The difference with Hot Coffee is that it really was created by the studio and it really was in the game — it just wasn't normally accessible. That's why Rockstar was able to patch it out, which wouldn't have been possible if the entire sequence were actually being modded in. Similarly, somebody who exploited a wallwalking glitch to get to Mount Hyjal in the early days of World of Warcraft couldn't really be said to have added Mount Hyjal to the game — it was definitely Blizzard content.
Which is why I said it was a different issue. My point was that the public attention that issue received could make publishers more wary of anything perceived as similar.
I bought SC2 and it's a good game. The licensing system is absurd though. The more interesting part is that the license is non-transferable, which is true for almost all MMOs, but this is the first 'normal' game that I think I've purchased which can't be resold. You have to register the game to your real identity, and blizz is 100% in control of what you can do with it. It's by far the least-free software I've ever purchased.
As a user, I'm going to let blizz get away with this one, because the game is good and we've been waiting something like 12 years for it to be finished. So I did buy it. But if other companies think that I'm buying their game if they pull this kind of crap, well, it's not happening.
Actually there is no real used game market for pc games and it has been that way for a very long time, starcraft one was only allowed 1 copy to be on battlenet at a time the only difference now is that games are online so much of the time that they are much more limited.
The thing that I don't like is that you have to login to battlenet for anything single player (other than playing as a guest) and this is an issue I wouldn't accept for any other game than sc2.
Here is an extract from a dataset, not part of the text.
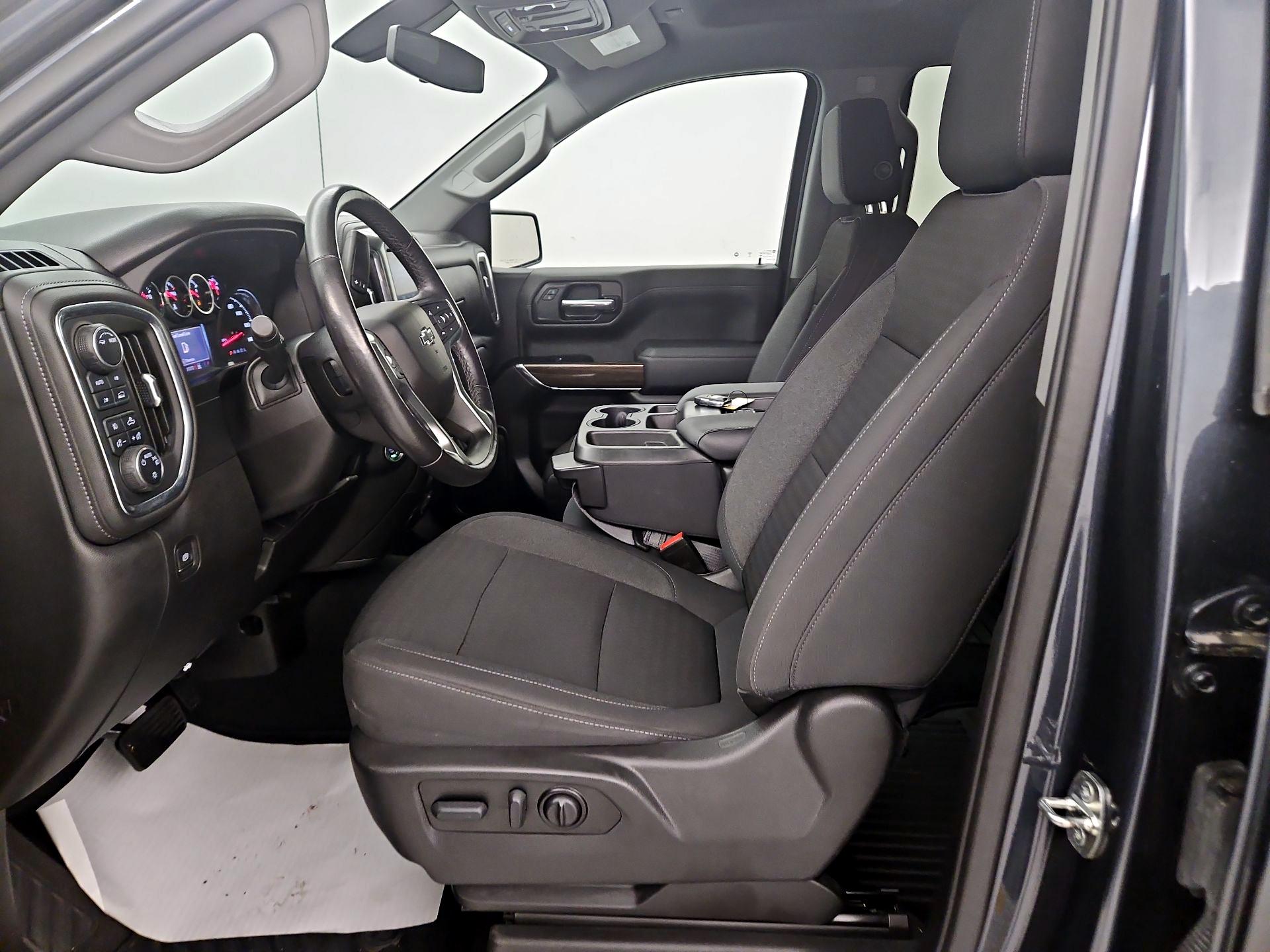 Thumbnail: 2021 Chevrolet Silverado 1500 - 11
C&C4 is worse. You have to be online to play. You can't even start the game if you're not, and if you disconnect during play, on single player campaigns, then your progress and achievements won't be saved because those only exist on EA's servers.
Anybody who's ever run a site with user-generated content quickly changes their opinion about free speech.
The internet has all the freedom you'll ever need, but you shouldn't expect to have that freedom everywhere you go on it. You can post anything you like to your blog, but I can't post anything I like to it. I have to do that at my own.
Deleting obnoxious custom maps from a video game is no different from trimming Ugg Boot spam from the front page of HackerNews. It's not impinging on anybody's freedom in any meaningful way. It's just making the game universe a better place to be.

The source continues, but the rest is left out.